Los hijos de Robert Graves

El arraigo de los descendientes del escritor

De la extensa obra de Robert Graves, de la cual dio cuenta ayer su hijo William en el Club de Prensa de La Nueva España -en especial de "La Diosa Blanca"-, fijo mi atención en "Por qué vivo en Mallorca", una colección de relatos que tiende a pasar desapercibida, eclipsada sin duda por las obras apabullantes de Graves, que exploran las grandes culturas e historias de la humanidad mediterránea.

Dos cosas me llaman la atención en ese trabajo, aparentemente menor, y que traigo a propósito de mis preocupaciones sobre el territorio, la ruralidad, los conocimientos nacidos de la tierra y la educación. La primera, es la forma en la que Graves describe el proceso de enraizamiento en esa nueva tierra. Transplantado desde Gran Bretaña, su vida, y la de su familia, echan raíces en un lugar nuevo que hacen suyo y en el que se funden acoplándose, como hizo el maíz cuando llegó a Asturias, hasta hacerse del país. Algo parecido, en una versión casi antropológica, cuenta Gerald Brenan de Las Alpujarras en "Al sur de Granada".

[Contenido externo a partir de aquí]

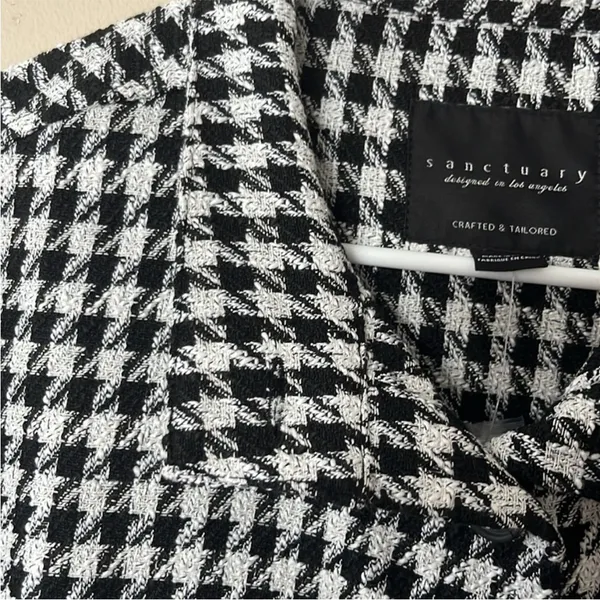 NWOT Sanctuary Ashley Jacket / Top Bouclé Houndstooth Size L - Image 5
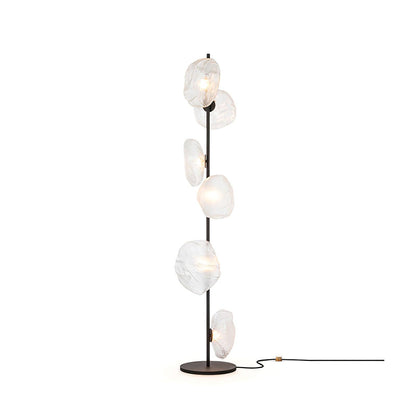 Glass Mesh Petals Floor Lamp 6 heads ∅ 13.8″ x H 70.9″ / Dia 35cm x H 180cm / Black + Clear / US plug Floor lamp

La segunda, es la preocupación de un padre por la educación de sus hijos. Robert Graves, que había llegado a Mallorca en 1929 tuvo que abandonarla en 1936 a causa de la Guerra Civil. Regresó de nuevo en 1946 con su compañera sentimental Beryl Hodge, que después sería su esposa, y sus tres primeros hijos -William, Lucía y Juan, de 5, 3 años y 18 meses- y lo hizo a un pueblo, que seguía igual que cuando lo dejaron diez años atrás, y a una España inmersa en la dictadura y el retraso. El desvelo por la educación de sus hijos se hace entonces explícito. Graves quiere sortear las limitaciones del sistema educativo de la época para que sus hijos exploren la apertura de miras y el pensamiento libre. La familia Graves Holge quiere vivir en Mallorca, pero no en una dictadura, ante la que pasa desapercibida. Los adultos disponen de suficientes recursos para evitar ese conflicto pero los niños son muy vulnerables. El caso es que el matrimonio consiguió, finalmente, que sus hijos se educaran con éxito.

Cuento esta historia porque me gustaría saber -sigo arrimando el ascua a la sardina de mis preocupaciones- si la Fundación Robert Graves, que dirige su hijo William -el primer experimento de éxito educativo de su padre- tiene la fórmula, la pedagogía y el método con el que educar a los niños nacidos en los pueblos para que se vinculen a la tierra, a los olivos seculares o a los castaños, al olor a otoño o a pación recién segá y a la vez al humanismo universal. Que los niños en las aldeas se sujeten a la tierra no solo por lo afectivo, sino por lo efectivo. Que puedan vivir en sus pueblos, armados con su propia cultura, sin que tengan que plantearse el horizonte único de la emigración a la ciudad. Que puedan sortear esta nueva y hegemónica dictadura combinada de pensamiento único urbano y tecnologías virtuales que todo lo homogeneizan. Que puedan ser, como soñó Robert Graves para sus hijos, locales y universales. Isleños y continentales, razonablemente felices, que puedan ordeñar cabras sin renunciar a estar iluminados por la Diosa Blanca.